**Exercise requirements:** For this listing, reproduce the line with "Binx - Female", the line with "Dinosaur Bone Shard Tumbler - Set of 2", and the lines between, exactly as they stand. Leave out pictures and all other lines.

**Input data:**
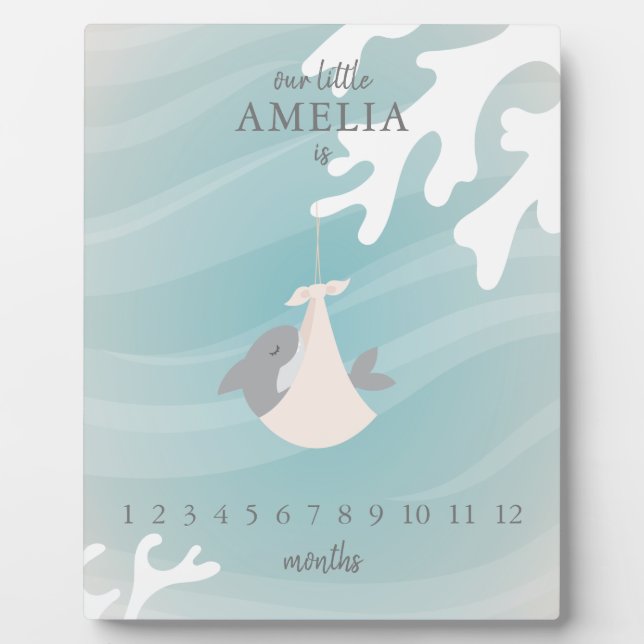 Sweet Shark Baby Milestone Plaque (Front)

--

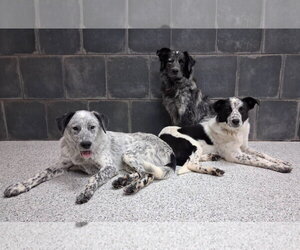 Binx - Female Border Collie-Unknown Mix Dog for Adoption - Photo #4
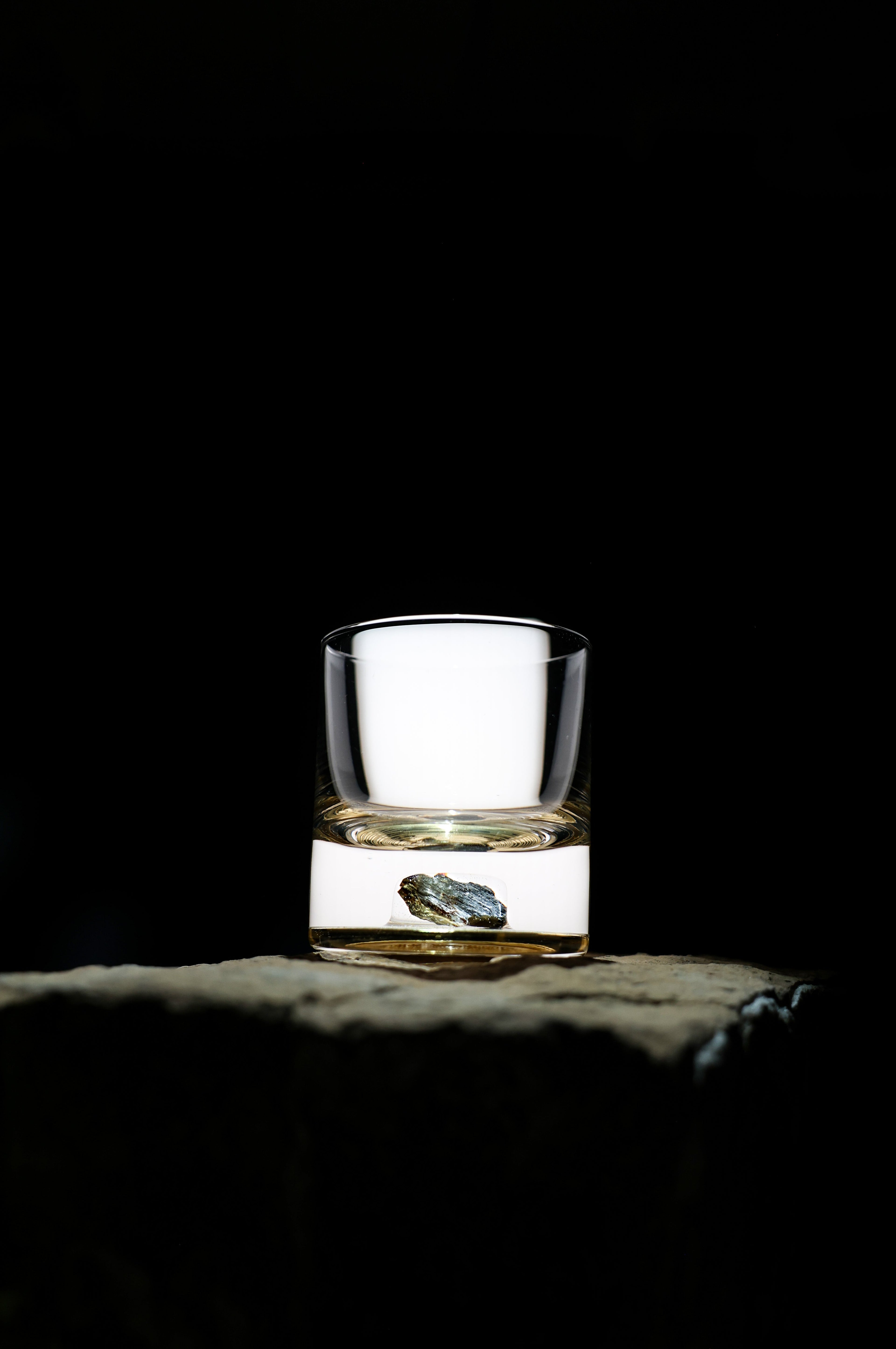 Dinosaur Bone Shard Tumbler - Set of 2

---

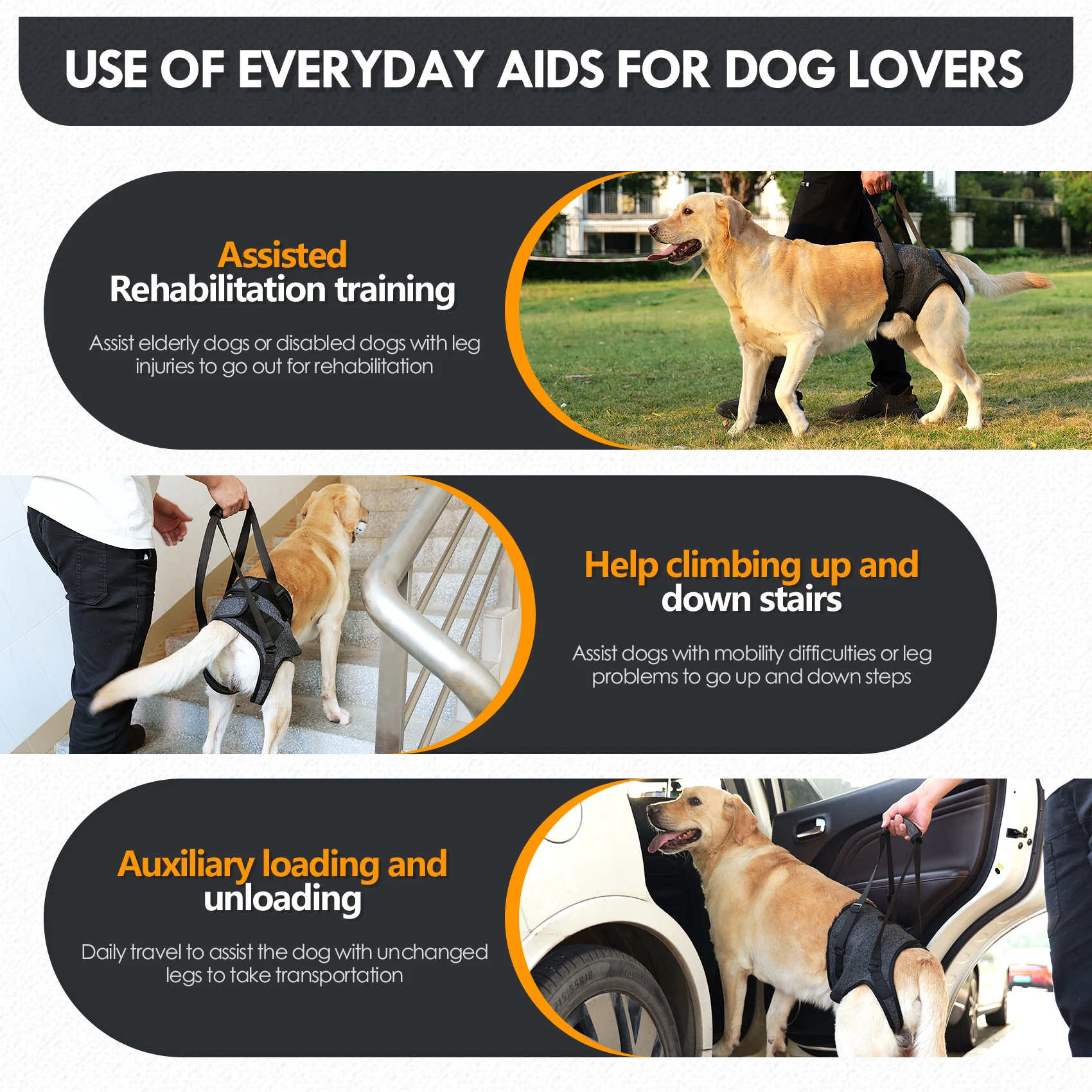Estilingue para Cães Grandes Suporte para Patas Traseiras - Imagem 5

**Answer:**
 Binx - Female Border Collie-Unknown Mix Dog for Adoption - Photo #4
 Dinosaur Bone Shard Tumbler - Set of 2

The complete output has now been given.